The Jarnac Convention was a bilateral agreement between the Kingdom of France and the United Kingdom in 1847 at the end of the Franco-Tahitian War. Its purpose was to end Franco-British diplomatic tension by guaranteeing the independence of the Leeward Islands in Polynesia. It was abrogated with the agreement of both parties in 1887.

==Background==
In 1839, a British Protestant missionary, George Pritchard, was sent to Polynesia to convert its people. He became the British consul in Tahiti and persuaded the queen, Pomare IV, to expel Catholic missionaries from the islands. This prompted France to take control of the islands and to establish a protectorate over them in 1843 leading to the Franco-Tahitian War. Pritchard was expelled, leading to diplomatic tension between France and Britain.

==Agreement==
To bring this tension to an end, King Louis-Philippe agreed to the Jarmac Convention, under which both countries recognised the independence of the Leeward Islands and agreed not to place them under a protectorate.
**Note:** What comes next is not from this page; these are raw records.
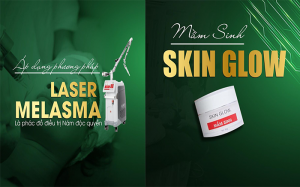 Laser Melasma kết hợp Mầm sinh cho bộ đôi hoàn hảo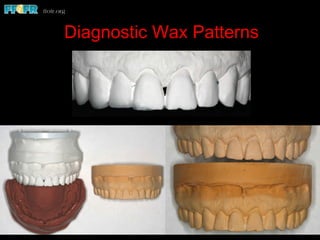 Diagnostic Wax Patterns
 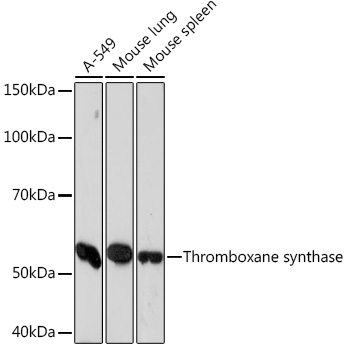 Thromboxane synthase Rabbit mAb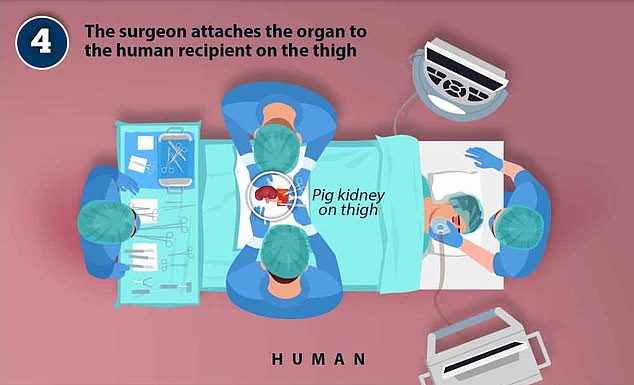 The doctors make an incision in the thigh bone and use instruments to dig a tunnel to the area where the kidney is located.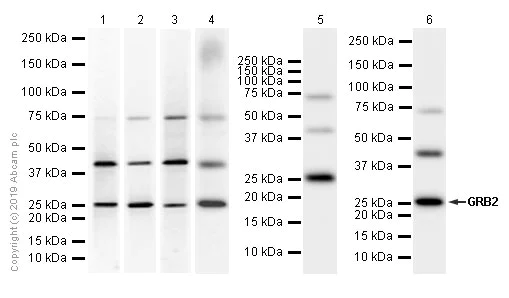 Western blot - Anti-GRB2 antibody [Y301] (AB32111)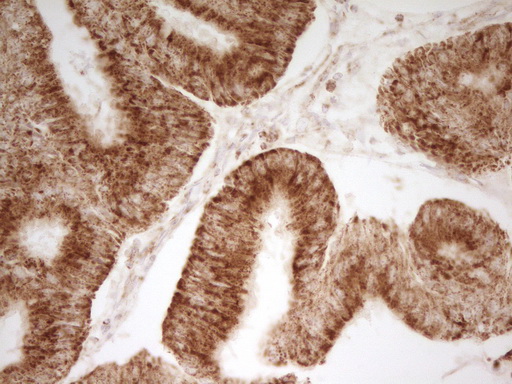 MRRF Antibody - Immunohistochemical staining of paraffin-embedded Adenocarcinoma of Human colon tissue using anti-MRRF mouse monoclonal antibody. (Heat-induced epitope retrieval by 1 mM EDTA in 10mM Tris, pH8.5, 120C for 3min,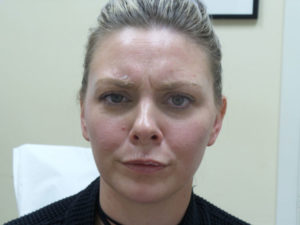 Botox/Dysport Before and After Pictures Fort Lauderdale, FL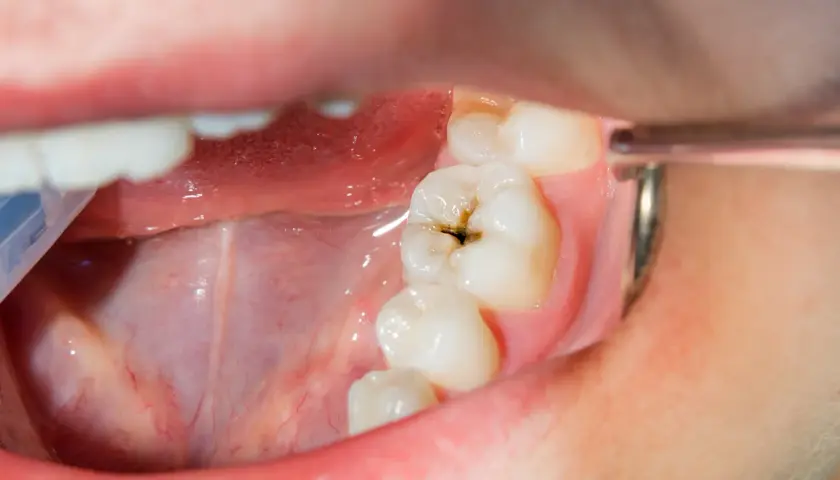 Vista de cerca de una boca con un diente que muestra caries debajo de la encía.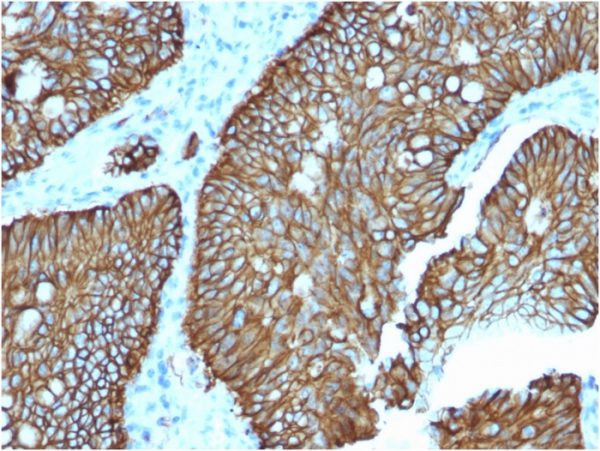 Formalin-fixed, paraffin-embedded human Colon stained with Cadherin 17 / CDH17 Mouse Monoclonal Antibody (CDH17/2618).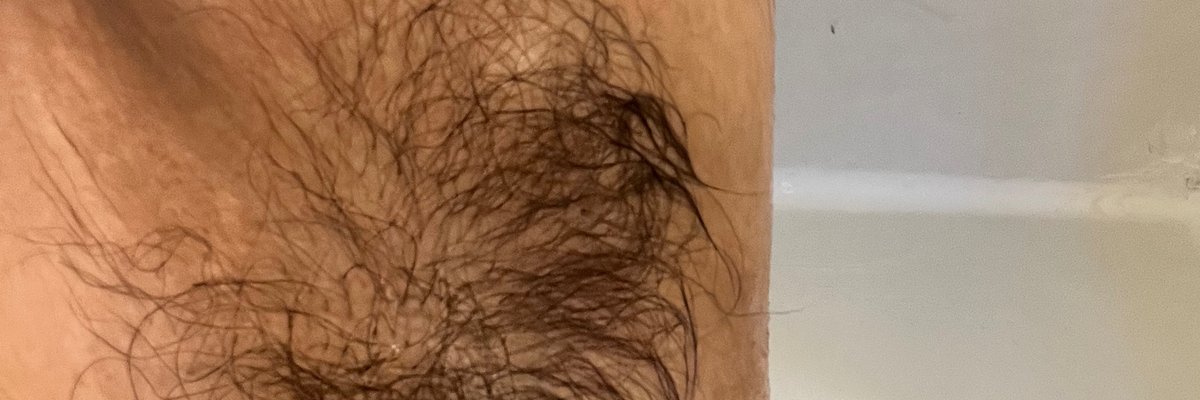 TheForeskinFreak cover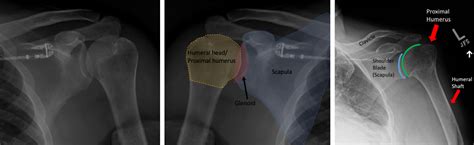 Shoulder Dislocation with Fracture (Shoulder Dislocation with Broken ...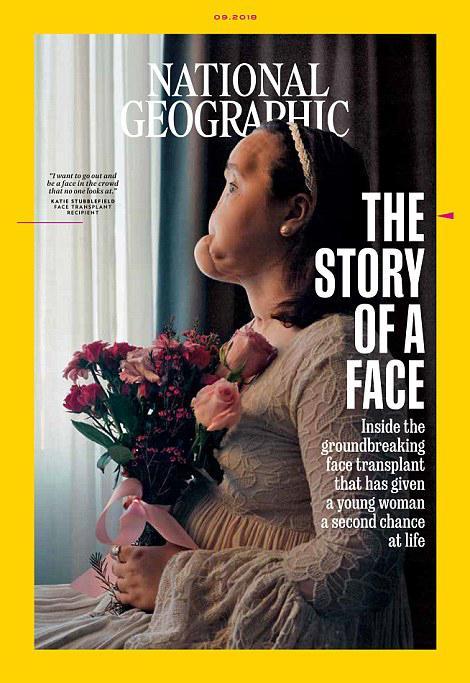 Gương mặt biến dạng hoàn toàn của cô gái trẻ trước khi tiến hành phẫu thuật cấy ghép - Ảnh: National Geographic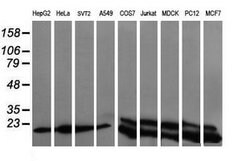 UBE2G2 Mouse anti-Canine, Human, Mouse, Rat, Clone: OTI1D2, lyophilized,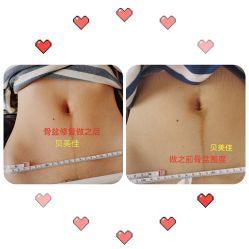 -贝美佳产后修复中心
It was signed in London on 19 June 1847 by Lord Palmerston, the British Foreign Secretary and the comte de Jarnac, French Minister Plenipotentiary in London.

==Abrogation==

The convention was to have effect for forty years. However, in 1880 France placed the islands of Raiatea and Tahaa under a provisional protectorate at their own request, to prevent their being annexed by the German Empire. In October 1887 Britain and France agreed to formally abrogate the convention. This led to a rebellion on the islands that lasted for a decade and their eventual annexation by military force. Together with all the remaining Leeward Islands, Raiatea and Tahaa became part of French Polynesia on 19 March 1898.